Insurance companies have been urged to diversify their business operations by venturing into the informal sector, which constitutes the majority of businesses in the country.
According to the Minister of Finance and Economic Planning, Kwadwo Baah-Wiredu, insurance companies should introduce different products by taking advantage of the huge population in the informal sector.
Most insurance companies are currently operating life and general business with the majority shying away from life business.
But the recent insurance law caused the separation of life business and non-life business, which according to some analysts would help the life business to grow and contribute effectively to national development by helping to mobilize long-term funds for development.
Speaking at the 20th Anniversary Awards and Dinner Dance of the Gemini Life Insurance Company (GLICO) over the weekend, Mr. Baah-Wiredu said in order to achieve the objective of the separation, the regulatory framework would be reviewed to enable insurance companies restructure their investment portfolios to reflect the current economic environments.
Additionally, there would be provisions to encourage insurance companies, especially life companies to invest in areas such as real estate and long-term mortgages.

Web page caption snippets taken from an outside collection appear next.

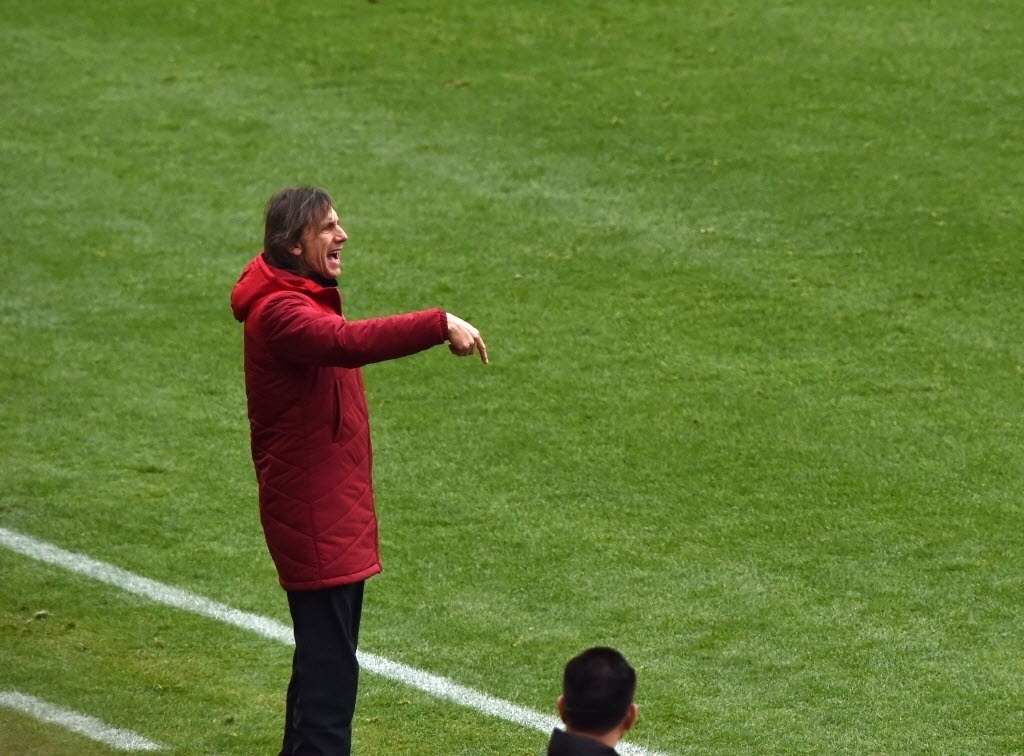 Ex-Palmeiras, Ricardo Gareca comanda o Peru contra a Colômbia na Copa América - AFP PHOTO / CRIS BOURONCLE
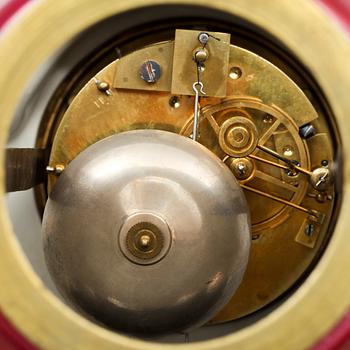 BORDSPENYDL, porslin, med glaskupa. 1800-talets slut.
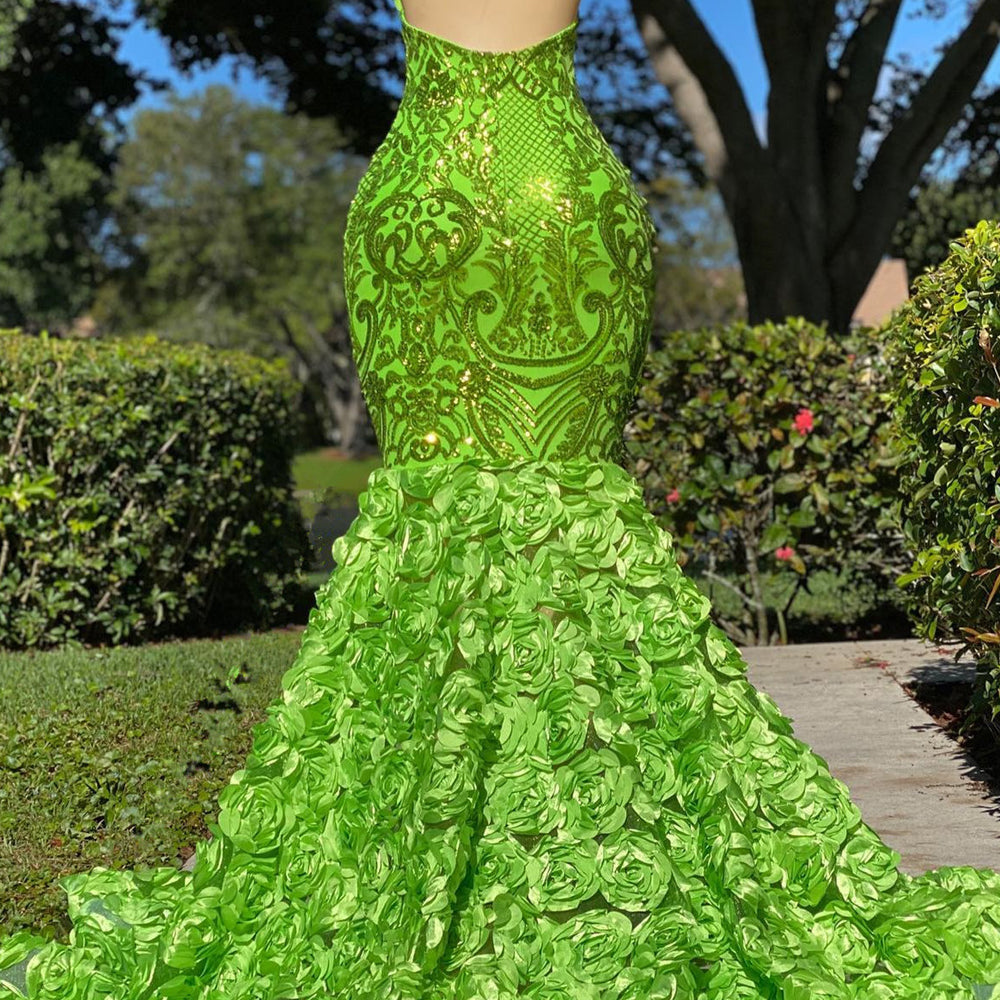 
                      
                        Green Halter Open-Back Sleeveless Mermaid Prom Dress with Flower Appliqu¨¦s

The new insurance law aims among other things at ensuring adequate capitalization of insurance companies, improving corporate governance and ensuring adequate protection for policy holders.
Mr. Baah-Wiredu urged the insurance companies to take advantage of the Long-Term Savings Scheme Act (Act 679) and the insurance law by developing the right caliber of staff through training since government has facilitated the establishment of an insurance training center under the auspices of the National Insurance Commission.
Kwame Acheampong-Kyei, Managing Director of GLICO acknowledged the patronage of policyholders and corporate clients and expressed his profound gratitude for their support over the last two decades.